Substantial evidence was submitted concerning the parties' qualities as parents. Elaine and several other witnesses testified the Stouwies had provided excellent care for the children. No one disputed the record disclosing the Stouwies as a loving family providing their children a good home, religious training and education.

It was also uncontested that at time of trial Elaine and Curtis Funk had created a good home atmosphere for the children on visitations. The Funk's affection for Michelle and Tammy is reciprocated.

Evidence was introduced indicating at an earlier time Elaine failed to care for the children properly. Kenneth testified without objection several ladies who baby-sat for the children or visited Elaine's home when she had Michelle and Tammy expressed their concern to him. There was evidence (contested by Elaine) the children were usually dirty when the Stouwies received them for visitation. While under Elaine's care both children developed a rash which seems to be conceded was caused by nerves. Kenneth took them to a doctor for this condition. They also had a condition caused from dirty diapers. One child may have suffered anemia.

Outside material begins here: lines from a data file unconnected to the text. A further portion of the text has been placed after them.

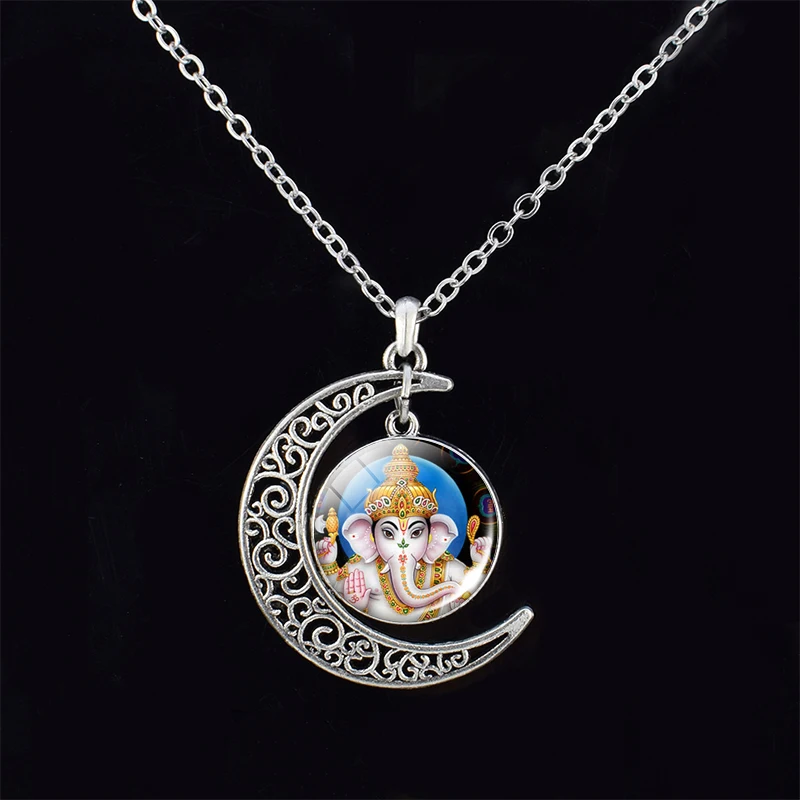 Cabochon Glass Crescent Moon Pendant Clavicle chain Necklace India Religion Necklaces Women God Brahma Lord Shiva Vishnu Jewelry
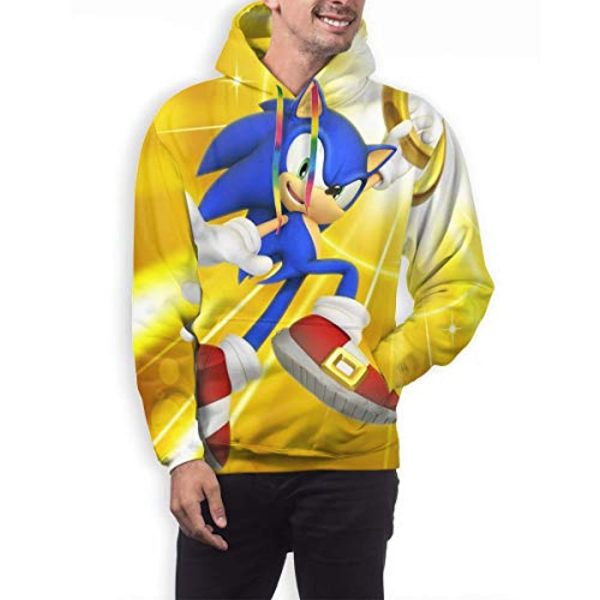 Cartoon Games Sonic Hoodie - Sonic the Hedgehog 3D Print Yellow Pullover Hooded Sweatshirt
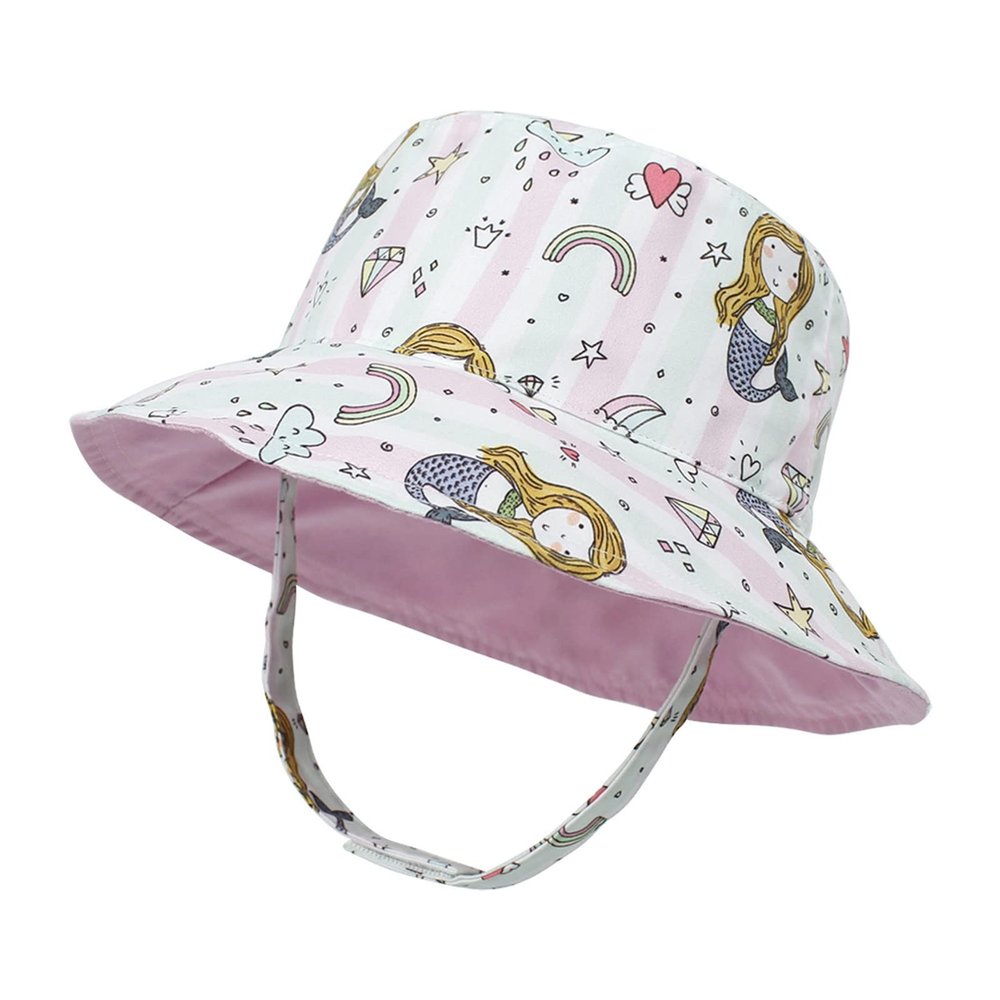 Baby Sun Hat Print Pattern Reversible Kids Boy Girls Hat UPF 50+ Sun Protection Beach Bucket Hat Wide Brim Breathable Pink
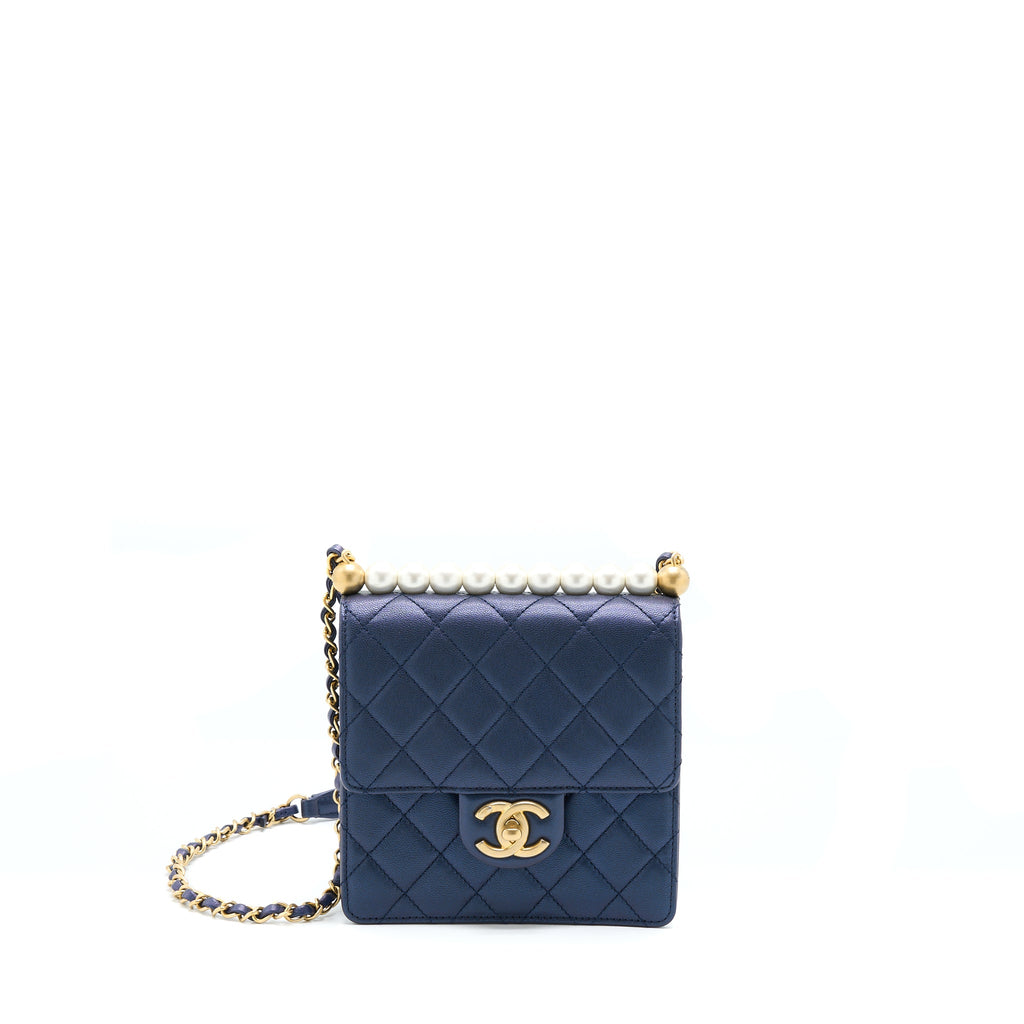 Chanel Vertical Pearl Flap Bag Lambskin Dark Blue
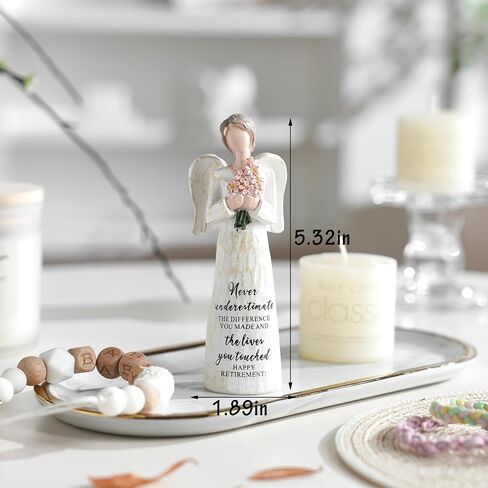 Retirement Gifts for Women, Happy Retirement Gift for Female Nurse Teacher Friends, 5.3" Retired Angel Figurine Party Decoration, Retired Gifts for Coworkers in Saudi Arabia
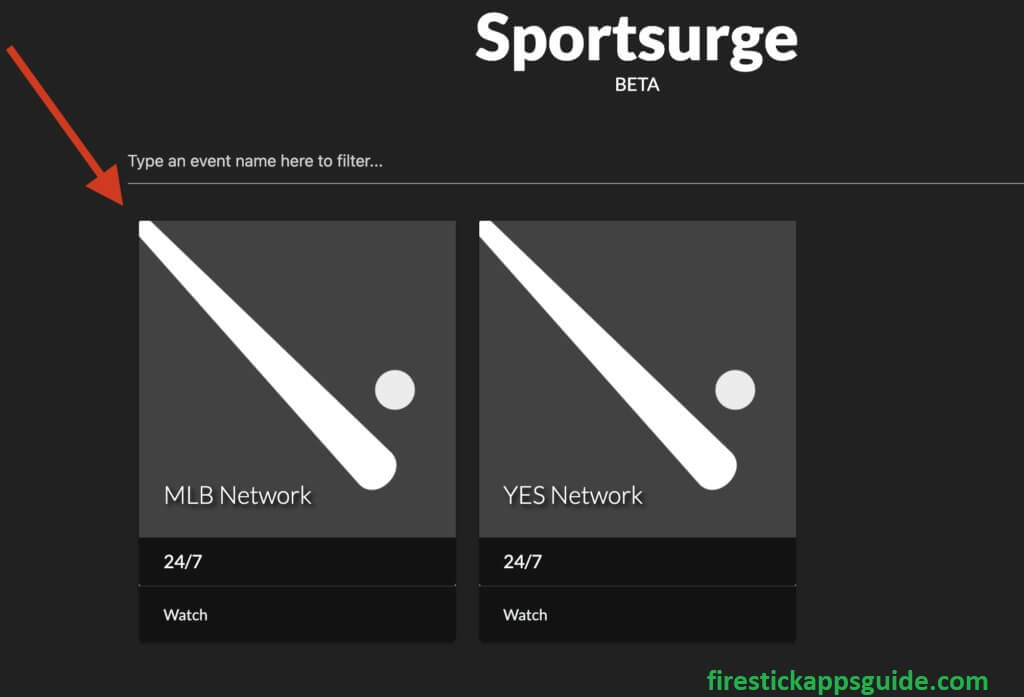 choose MLB or YES Network on Sportsurge Page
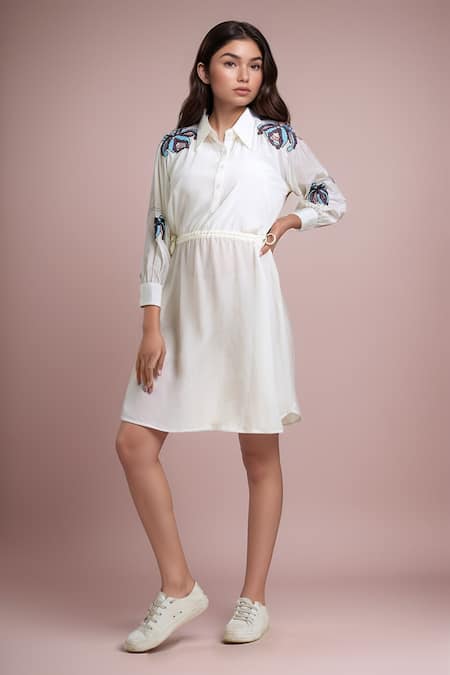 Samyukta Singhania White Crepe Embroidered Cutdana Collared Moti And Dress 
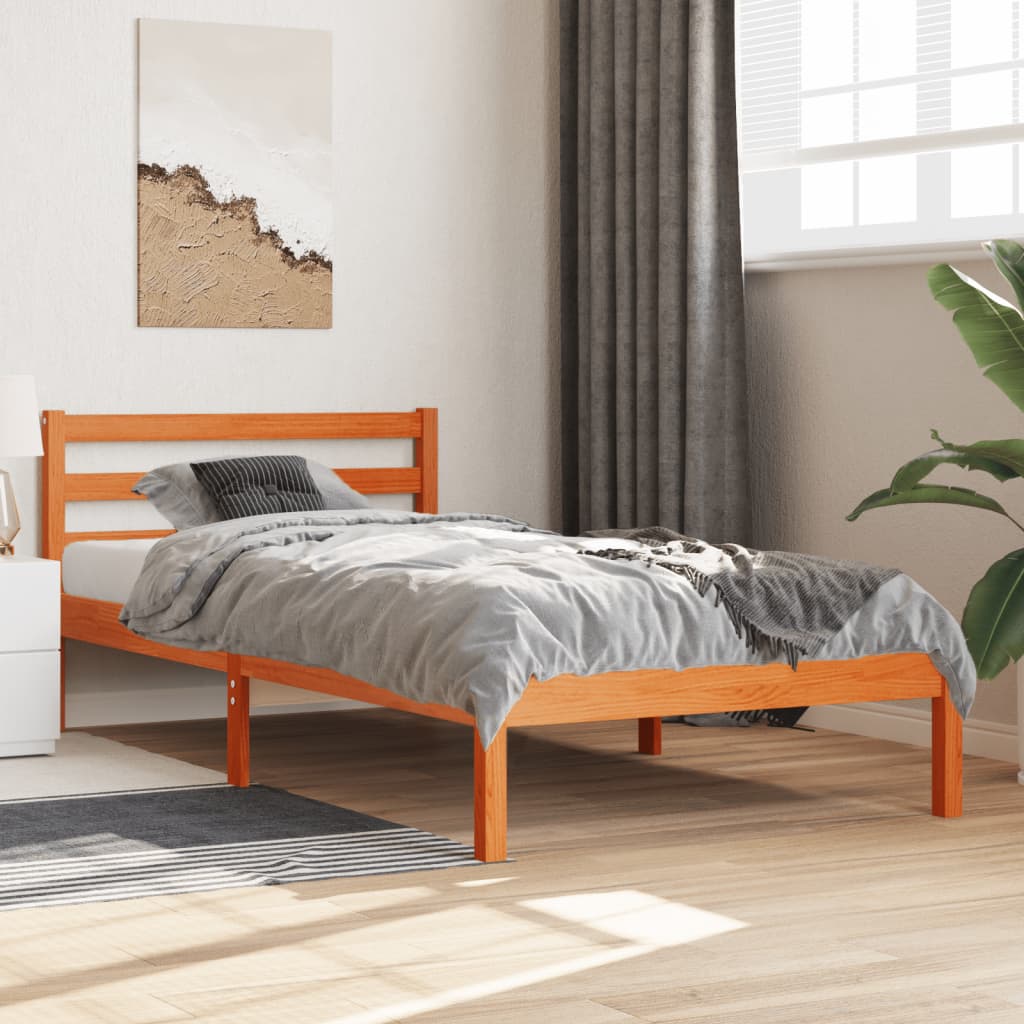 Sengeramme uten madrass voksbrun 90x190 cm heltre furu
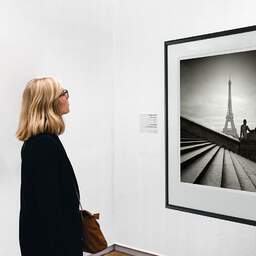 Art and collection photography Denis Olivier, Stairs And Statue, Trocadero, Paris, France. February 2022. Ref-11666 - Denis Olivier Photography, A woman contemplate a large original photographic art print in limited edition and signed in a black frame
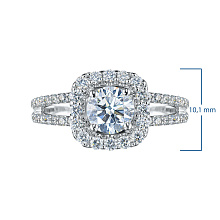 Классическое кольцо из белого золота c бриллиантами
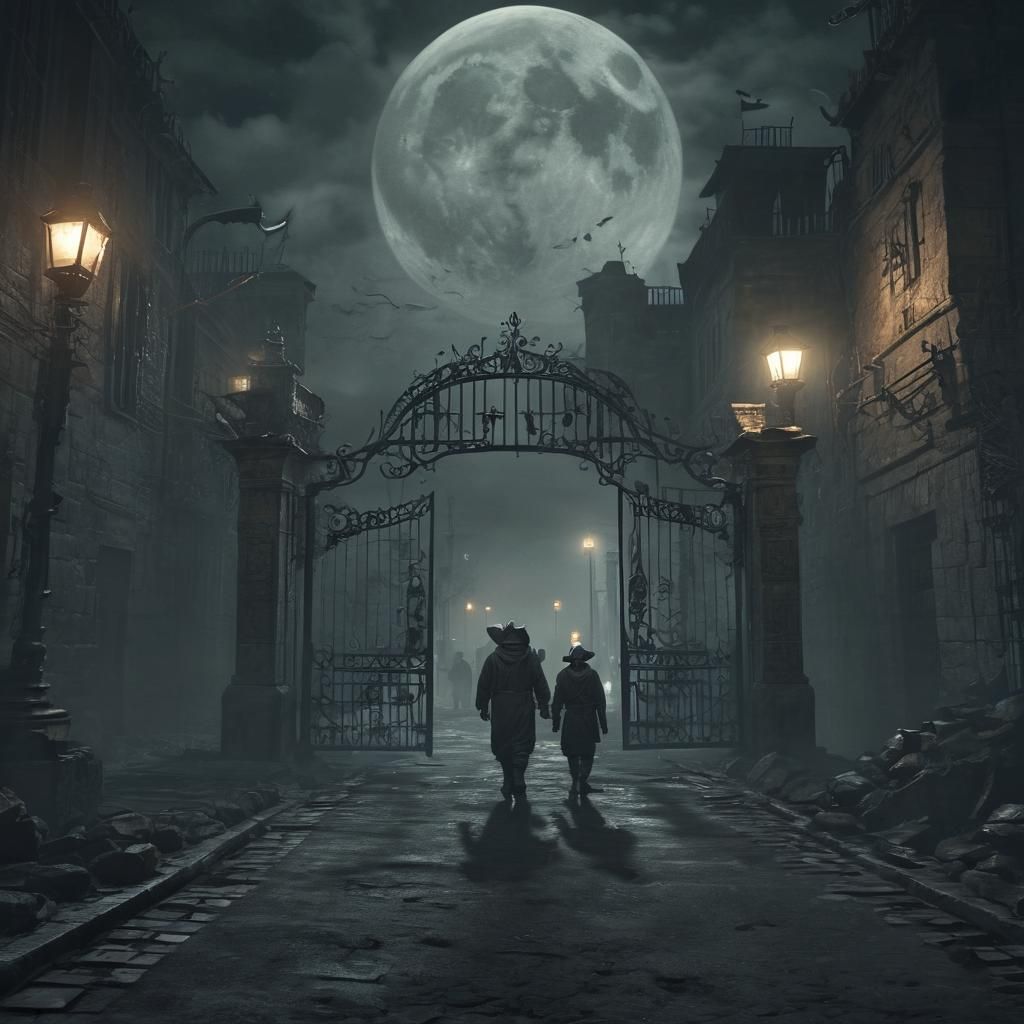 Spooky Halloween Prison Walk: a Digital Matte Painting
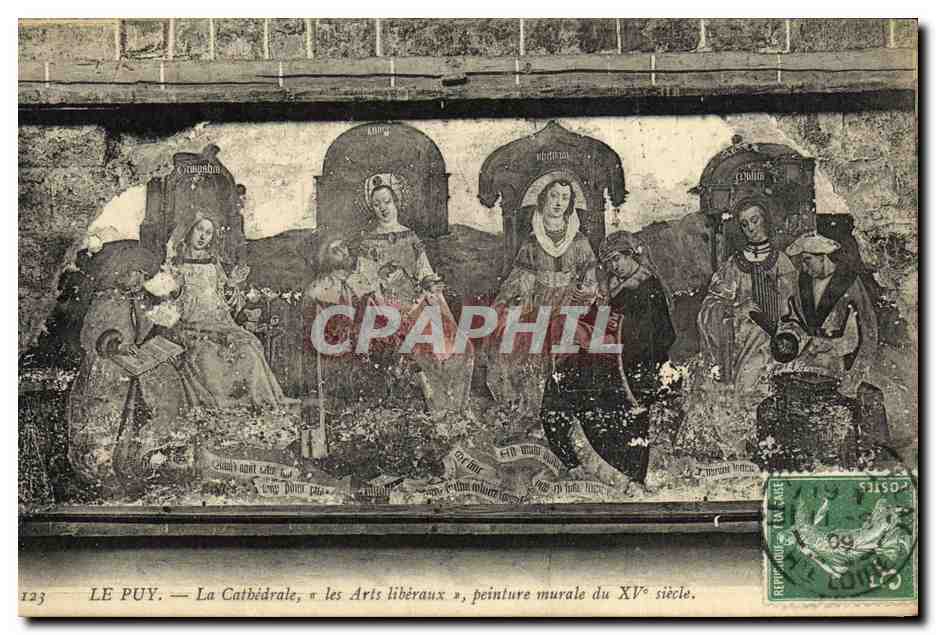 CPA Le Puy La Catbidrale les Arts liberaux peinture murale du 15eme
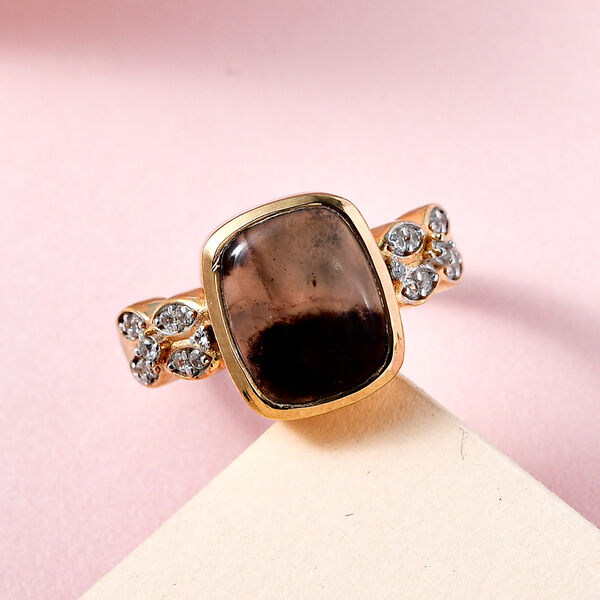 Zimbaprase und wei&szlig;er Zirkon Ring, 925 Silber Gelbgold Vermeil (Gr&ouml;&szlig;e 20.00) ca. 4,00 ct image number 1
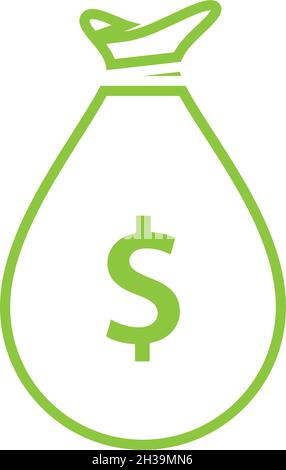 Modello vettoriale con icona del logo Money bag Illustrazione Vettoriale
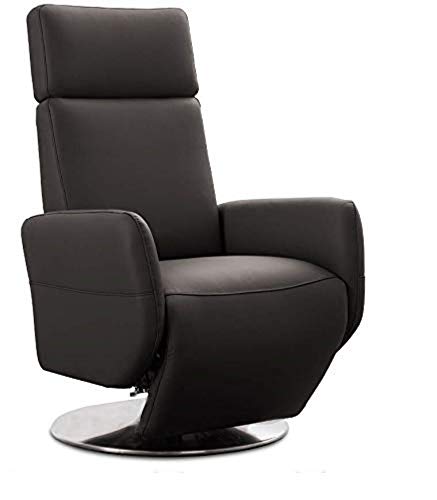 Cavadore TV-Sessel Cobra mit 2 E-Motoren / Elektrischer Fernsehsessel mit Fernbedienung / Relaxfunktion, Liegefunktion / Ergonomie S / Belastbar bis 130 kg / 71 x 108 x 82 / Echtleder Mokka von CAVADORE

Throughout the period following dissolution, liberal visitations were allowed by each party having custody. Commendably, there is no hint either party has attempted to alienate the children from the other.

Trial court found there was a substantial and material change of circumstances at the time Kenneth filed the petition for modification, noting the unsettled nature of Elaine's personal life and her difficulty in her second marriage. Kenneth and Kristy were then taking good care of the children. Trial court additionally considered the circumstance that the Stouwies had continued to care for the children up to time of trial, and concluded it would be unwise to uproot them from a home in which they had thrived to place them in an untested situation. Kenneth was awarded permanent custody. Elaine was granted generous, specific visitation rights.

Elaine, appealing, asserts no substantial and material change of circumstances had occurred when the modification petition was filed August 18, 1970. She additionally contends the continued presence of the children in the Stouwie home for three years following that date, on the strength of an ex parte order, should not be considered evidence of a material change in circumstances.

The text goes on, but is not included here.